I'm not very well-versed in computational power requirements on this scale,
but it doesn't sound at all infeasible that a nation state (or a couple in
unison) could setup a "51% attack", thus reducing the social form of control
back to only the computational one. And if anything, that threat is only going
to become worse with ever-increasing computational capability, advent of
quantum computers at some point, etc. Nations (and other _huge_ players) have
the resources to tap into all that new power, while the individuals ideally
making up the bulk of a blockchain's computing power would most probably not,
at least not in big enough scale.

I don't see how that could be prevented, and that leaves me somewhat confused
on why the blockchain is advertised as "immutable" as it is.

------
shea256
> Today there’s a lot of work going into decentralized distributed storage
> keyed on blockchain indexes; Storj, Sia, Blockstack, et al. This is amazing,
> groundbreaking work… but why would an ordinary person, one already
> comfortable with Box or Dropbox, switch over to Storj or Blockstack? The
> centralized solution works just fine for them, and, because it’s
> centralized, they know who to call if something goes wrong. Blockstack in
> particular is more than “just” storage … but what compelling pain point is
> it solving for the average user?

Ryan here from Blockstack.
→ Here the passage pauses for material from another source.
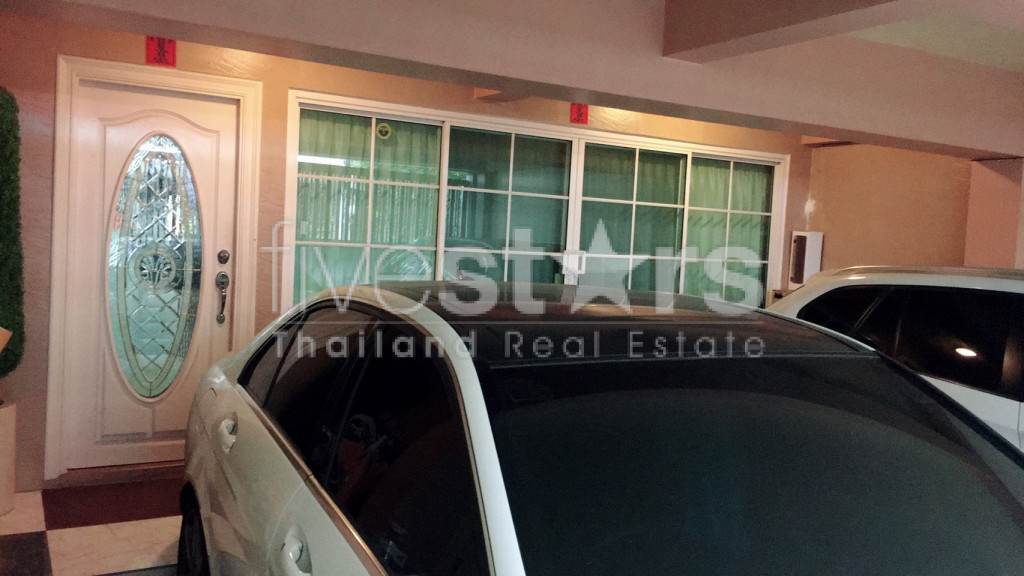 Pet friendly townhouse for rent in Thonglor area, photo 3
Our goal with storage is to allow users to bring
their own storage (e.g. Dropbox, Google Drive, iCloud, etc). We believe in re-
using the best infrastructure out there and not reinventing the wheel.

The key is that Blockstack delivers a thin layer on top of all of these
storage providers with a common interface and end-to-end encryption, reducing
them all to dumb drives. This (1) removes the potential for vendor lock-in (2)
puts pressure on all the providers to be more competitively priced (3) enables
greater data security.

Additionally, Blockstack isn't just about storage. It's a full stack for an
entirely new kind of internet and a new way of building applications.
Developers can work with a new blockchain-based domain name system (BNS), a
new user-owned identity system, and a new BYOS storage system. The dream is
for developers to be able to create a decentralized twitter by simply
publishing a bundle of html, css and JS. The app folder runs as a single page
application in your browser and can exist and replicate and live beyond the
developer without the need for server or database maintenance. Servers could
be relied upon for push notifications and feed aggregation, but they wouldn't
be critical for operation and they'd be throwaway.

All this represents a pretty massive shift away from the model today. Instead
of users revolving around applications, applications will revolve around
users.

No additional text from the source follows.